Depuis mars 2022, il y a pour rappel deux gouvernements en Libye. Or, seul le gouvernement d’union nationale, basé à Tripoli, est reconnu internationalement. Depuis la capitale libyenne, l’exécutif dirigé par Dbeibe n’administre en réalité que toute la partie occidentale du pays. Le second exécutif, dirigé par Hammad, a été nommé par le Parlement et est basé à Benghazi, d’où il contrôle tout l’est de la Libye et les villes du sud.

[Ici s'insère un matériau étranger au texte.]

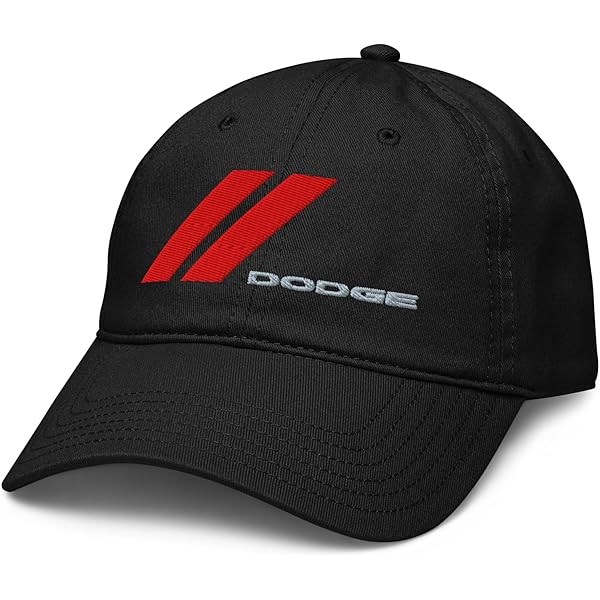 Dodge Challenger Stretch Fit Patch Hat - Embroidered Fitted Cap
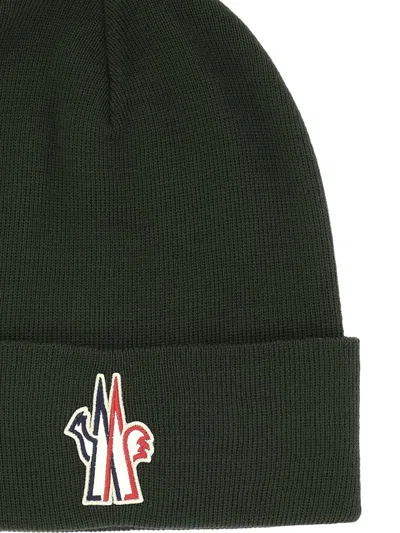 Shop Moncler Grenoble Tricot Beanie In Green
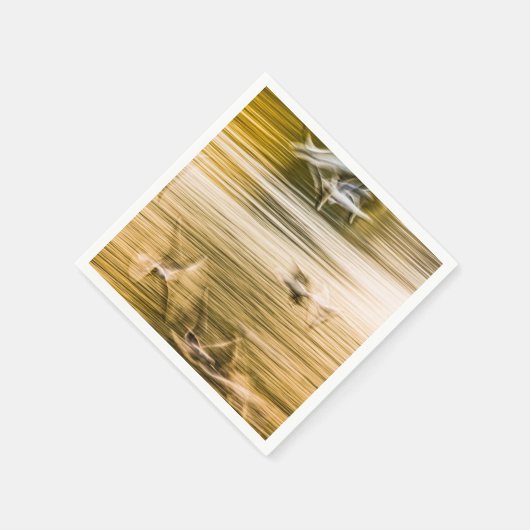 Fliegende Möwen - abstrakt Serviette (Ecke)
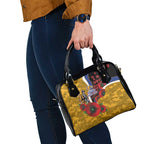 West Eagles ANZAC Personalised Shoulder Handbag Lest We Forget Poppy Camo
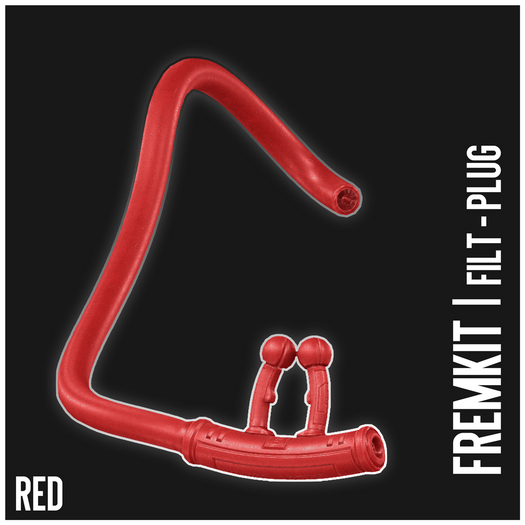 [KuddelMuddel] FremKit / Filt-Plug / Red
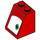 LEGO rot Steigung 2 x 2 x 2 (65°) mit Gesicht mit Eye, centered (Recht) mit Unterrohr (3678 / 33880)
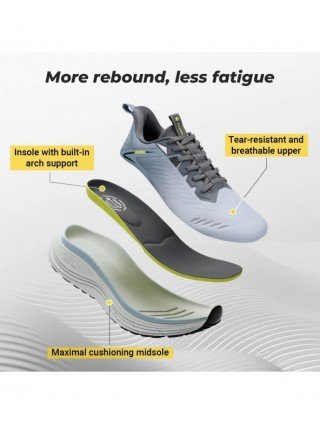 Fittington Men's Walking Shoes For Wide Cushioned Running Shoes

Dès début 2022, le Parlement de Benghazi a exprimé sa méfiance à l’égard du gouvernement dirigé par Dbeibe à Tripoli, raison pour laquelle il a nommé l’autre gouvernement, qui n’a pas encore pu assumer ses fonctions dans la capitale libyenne en raison du refus de Dbeibe de céder le pouvoir jusqu’aux élections présidentielles et législatives, reportées à partir de décembre 2021.
Saleh a expliqué que le mandat d’un gouvernement ne devait pas durer plus d’un an et qu’il pouvait être prolongé d’un an, ce qui signifie par conséquent que le GNU a perdu sa légitimité il y a plus de cinq ans. Saleh a donc appelé à travailler à la formation d’une autorité unifiée qui luttera pour l’intégrité territoriale, parviendra à une répartition équitable des richesses et à l’égalité des droits entre les régions, et mettra fin à la crise qui frappe le pays depuis des décennies.
« Le parlement cherche à former une autorité unifiée capable de gouverner et de réaliser la justice« , a néanmoins rassuré Saleh, notant que la capitale, Tripoli, est tombée sous le contrôle de gangs armés.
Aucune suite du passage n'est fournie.